7. En deuxième lieu, aucune disposition législative ou règlementaire ni aucun principe ne fait obstacle à ce que l'autorité préfectorale, qui dispose de la faculté de s'entourer, avant de prendre une décision portant refus de titre de séjour, des avis qu'elles estiment utile de recueillir, sollicite les services de la police aux frontières aux fins de produire un rapport d'expertise documentaire concernant le caractère authentique ou non des actes d'état civils présentés par l'étranger.
8. En troisième lieu, il ne ressort pas de l'arrêté attaqué que le préfet de la Seine-Maritime se serait considéré en situation de compétence liée par les avis émis par les services de la police aux frontières sur l'authenticité des documents d'état civil produits par M. B....
9. En dernier lieu, il ressort des pièces du dossier, et notamment des rapports de la police aux frontières des 4 et 5 janvier 2022 sur lesquels le préfet de la Seine-Maritime s'est fondé pour retenir la falsification des documents d'identité produits par M. B..., que l'extrait d'acte de naissance n° 308 délivré le 21 mai 2018 comporte notamment une erreur dans la rédaction du mot Officier qui est orthographié " Officicer " et que le numéro d'identification nationale des personnes physiques et morales du Mali n'y figure pas. La copie de l'acte de naissance produite par M. B..., comporte les mêmes erreur et manque. Quant au jugement supplétif n° 306 délivré le 11 mai 2018, il comporte notamment une rature au niveau de sa date, son auteur ayant manifestement modifié l'année de délivrance du document. Ces éléments permettent d'établir que les documents présentés par M. B... ne sont pas revêtus de garanties d'authenticité suffisantes au sens des dispositions précitées. Dès lors, l'appelant n'est pas fondé à soutenir que la décision refusant de l'admettre au séjour à titre exceptionnel serait entachée d'une erreur d'appréciation sur ce point, sans qu'ait d'incidence le classement intervenu le 21 novembre 2022, par le procureur de la République du Havre, de la plainte de l'autorité préfectorale pour des faits de détention et usage de faux documents d'identité et quand bien même il dispose par ailleurs d'une carte d'identité consulaire.

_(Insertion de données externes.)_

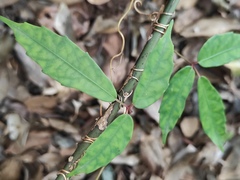 Tetrastigma erubescens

En ce qui concerne le motif tiré de ce que l'intéressé ne remplit pas les conditions posées par l'article L. 435-3 du code de l'entrée et du séjour des étrangers et du droit d'asile :
10. Aux termes de l'article L. 435-3 du code de l'entrée et du séjour des étrangers et du droit d'asile : " A titre exceptionnel, l'étranger qui a été confié à l'aide sociale à l'enfance ou à un tiers digne de confiance entre l'âge de seize ans et l'âge de dix-huit ans et qui justifie suivre depuis au moins six mois une formation destinée à lui apporter une qualification professionnelle peut, dans l'année qui suit son dix-huitième anniversaire, se voir délivrer une carte de séjour temporaire portant la mention " salarié " ou " travailleur temporaire ", sous réserve du caractère réel et sérieux du suivi de cette formation, de la nature de ses liens avec sa famille restée dans le pays d'origine et de l'avis de la structure d'accueil ou du tiers digne de confiance sur l'insertion de cet étranger dans la société française. La condition prévue à l'article L. 412-1 n'est pas opposable. ".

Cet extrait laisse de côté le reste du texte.